Look below for the line with "Nietang Buddha –" and the line with "YARD TOOLS/LADDER"; repeat exactly those two lines and all lines between them, but no pictures.

DATASET:
********

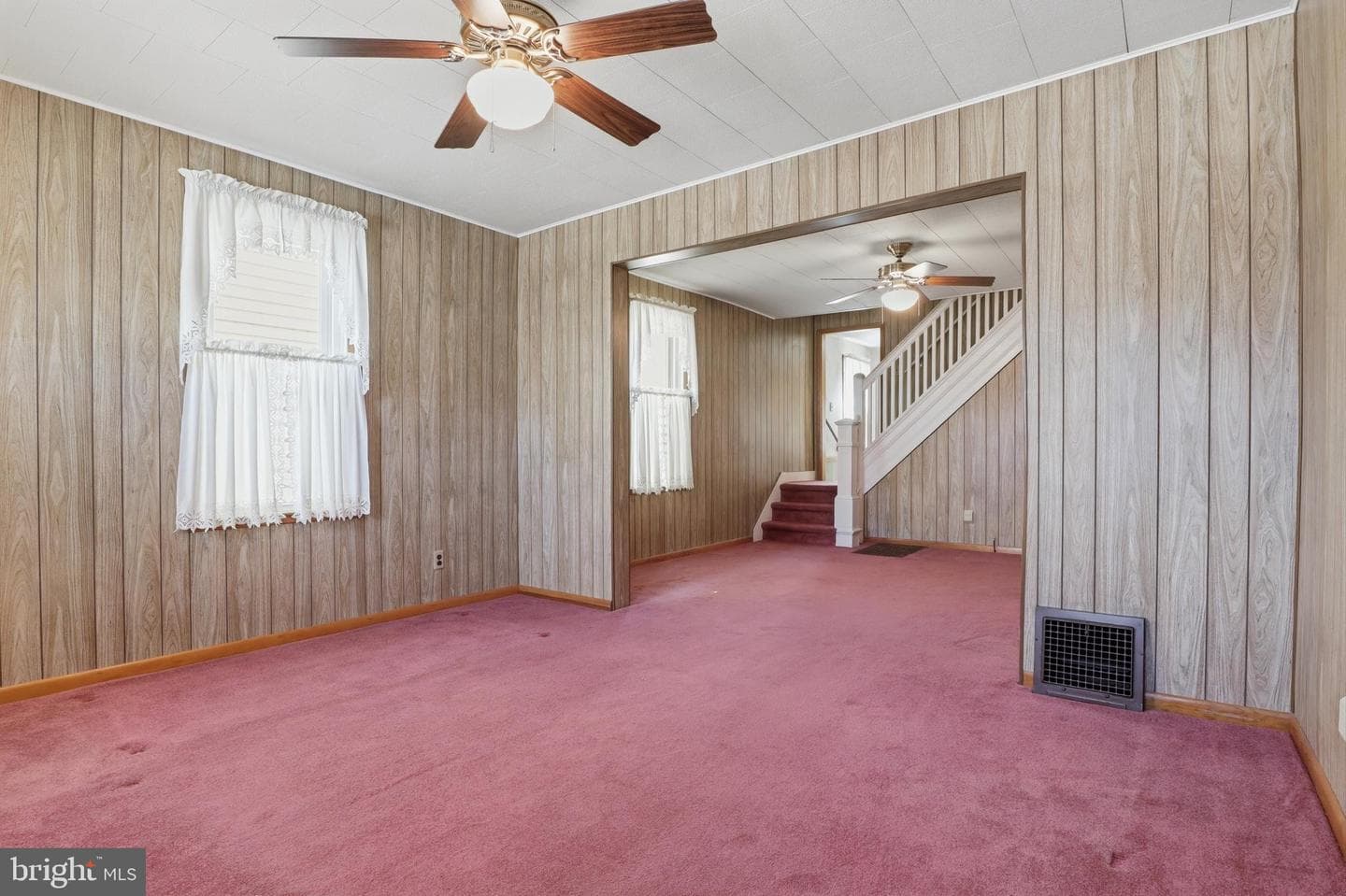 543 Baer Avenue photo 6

********

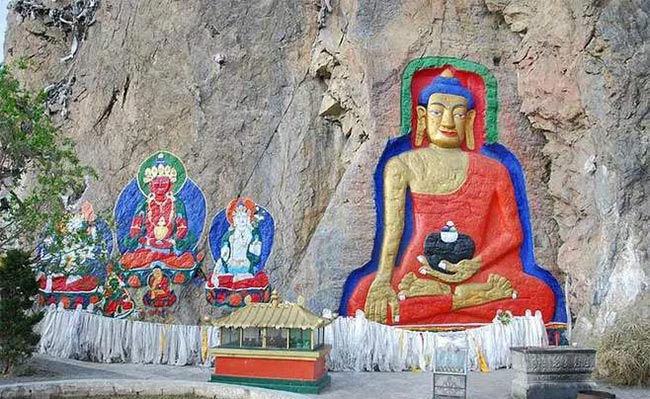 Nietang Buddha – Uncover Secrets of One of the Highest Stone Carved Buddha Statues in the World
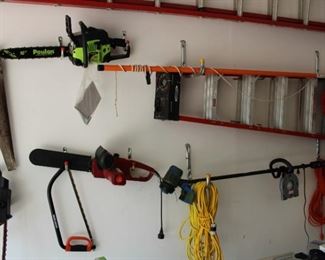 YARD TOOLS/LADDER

********

ANSWER:
 Nietang Buddha – Uncover Secrets of One of the Highest Stone Carved Buddha Statues in the World
 YARD TOOLS/LADDER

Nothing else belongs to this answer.